When the Christchurch attacker invoked the siege of Vienna by Ottoman Turks in 1683 in his manifesto, he was tapping into the same kind of foreign invasion trope Baudet, not to mention Donald Trump, use regularly to whip up the winds of fear that sustain populism. When the attacker in Utrecht was reported to be Turkish-born, Baudet was handed a gift that propelled his party to electoral success.

In Turkey, the attacker’s manifesto and the livestream video he shot was used by Erdogan as props in his election rallies. He repeatedly referred to the attack in confrontational terms, as if somehow Turkey itself had been targeted, and repeatedly referenced the attacker’s desire to reclaim Istanbul and Turkish territory west of the Bosphorus for Europe.

“You won’t be able to make Istanbul Constantinople,” he fulminated at a rally in Cannakale, where he was commemorating the Ottoman Empire’s historic victory over Australian and New Zealand forces in World War I. “Your forefathers had come and seen that we had been here. And then some of them had gone back on their feet and some others in coffins. If you are to come with the same intention, then we are waiting for you. Have no doubt that we will see you off, too, the way we did your forefathers!”

For most people around the world, the manifesto was a joke, little more than the mad ramblings of an unhinged mind. But here was Erdogan, the leader of the most powerful Muslim-majority country in the world, a member of NATO with aspirations of joining the European Union, treating it as if it was a serious threat, deserving of a response.

Since the attack, Erdogan has repeatedly played partially-blurred footage at his rallies, drawing the ire of the New Zealand government. His audience, however, is very much local. At a time when Turkey’s economy is faltering and support for Erdogan’s AK Party dangerously close to collapsing, he is trying to rile up his religiously conservative base.

This is what populists do. When Erdogan refers to “Crusaders” threatening Turkey, as he does regularly, he deploys the same kind of rhetorical sophistry Trump uses at his rallies. Making Turkey Great Again, Erdogan seems to suggest, means creating enemies, and those enemies are all Islamophobes. Like Trump, Erdogan offers his conservative base, people who feel marginalized and powerless, a taste of power, and the promise of more.

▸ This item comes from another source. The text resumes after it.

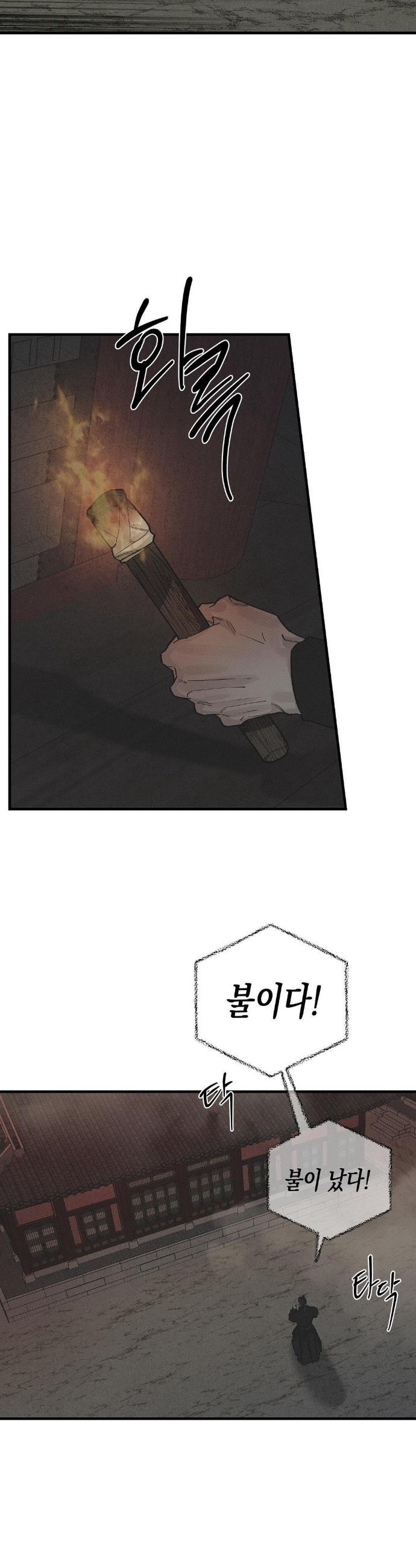 1739313526216grnwdoto8o.jpg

But at the same time, he feeds into and reinforces the environment of confrontation white supremacists and jihadists—or any radical extremists, for that matter—need for their survival. In fact, his political success, just like the success of people like Trump and Baudet, is intimately tied to the success of radicalism. Every attack on Muslims by white supremacists is a political win for Erdogan, just as every attack on Western targets by jihadists is a gift to his populist counterparts in the West.

They all live in a mutually-reinforcing continuum.

Baudet used the Utrecht attack to help his party surge onto the Dutch national stage. Erdogan has co-opted the Christchurch attack for his own political advantage. But the consequences for their own societies, and the people around the world they claim to represent, could be deadly.